A long week with a tiring end. And so today we turn to Alfred Nevin’s account of the Rev. Robert Wilson James…:

…who “was born in Williamsburg District, South Carolina, June 3d, 1793. His father, Captain John, and grandfather, Major John James, were distinguished for their patriotism in the war of the Revolution, and were also consistent members of the Presbyterian Church. He graduated at the South Carolina College in 1813. His theological studies, which were commenced and prosecuted for a time under Rev. James W. Stephenson, and Rev. Dr. M. Wilson, were completed at Princeton Seminary, in 1817. On the 3d of June, of the same year he was licensed by Concord Presbytery (in North Carolina), to preach the gospel, after which he labored for several months, as a missionary within its bounds, in company with the venerable Dr. Hall.”

“In May, 1819, he was ordained and installed over the churches of Indian Town and Bethel, in Williamsburgh District, S.C., where, during a pastorate of nine years, the work of the Lord, to some extent, was made to prosper in his hand, and particularly among the blacks, many of whom became hopeful subjects of grace under his ministry. He subsequently became pastor of Salem Church, in which relation he continued, faithful in labor, for over thirteen years. He died on April 13th, 1841.”

“As a minister, Mr. James was both doctrinal and practical. In his public ministrations he gave special attention to the African American portion of his flock. As a theologian, he was much respected by his brethren. As a member of the judicatories of the Church, his opinions were highly valued, and often determined the most important questions. His mouth and his purse were ever open to advance the institutions of religion and learning. As a man, he was truly benevolent, gentle and urbane, and possessed that kind of magnanimity  which led him cordially to despise everything that was envious, little, or selfish. As a Christian, he was exemplary, and enjoyed the comforts of that religion which he preached to others. His death was one of triumph.”

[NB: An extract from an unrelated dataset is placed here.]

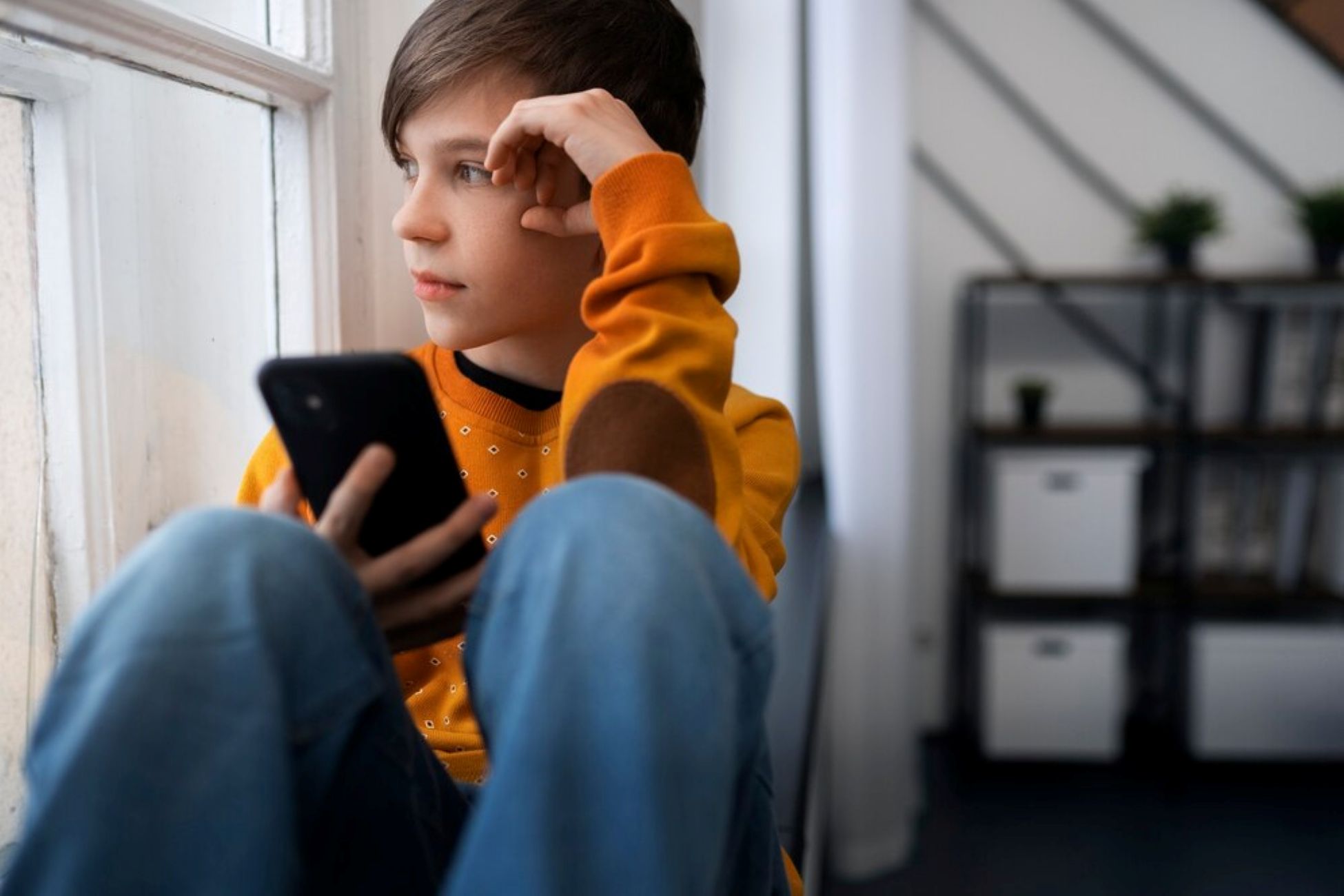 Anak Pendiam? Awas, Bisa Jadi Korban Cyberbullying!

It should also be mentioned that Rev. James was the uncle of John Leighton Wilson, and that he had a very formative influence on John’s decision to pursue the ministry and more, to pursue the work of missions in Africa. From the Memoir of the Rev. John Leighton Wilson, we read that Rev. James was one of the eminent pastors in South Carolina, and of his influence on young John Leighton, that

“what more natural than that his uncle, so well known for learning and piety, should be to him a pattern he might safely imitate? He visited frequently at his home, had access to his rare and ample library, sat under his ministry, listened to his counsels, and spent one winter under his roof. The nephew was the minister’s friend and young companion. Blessed relationship !”

The Rev. Thomas R. English gave the funeral sermon for Rev. James. A Sermon:
Preached in Salem Church February 6th, 1842 in Commemoration of Its Late Pastor Rev. Robert Wilson James. (A. E. Miller, 1842), 23 p.

To view pictures of his grave site, click here.

Words to Live By:
The relationship of mentor to student does not always have to be a formal one, in order to be effective. Discipleship not only can take place in informal settings, but is probably all the more effective in the more real situations and places of everyday life. Growth in your own Christian walk is but one benefit of discipling or mentoring a younger believer. Pray that the Lord would give you the opportunity to share your faith in Christ.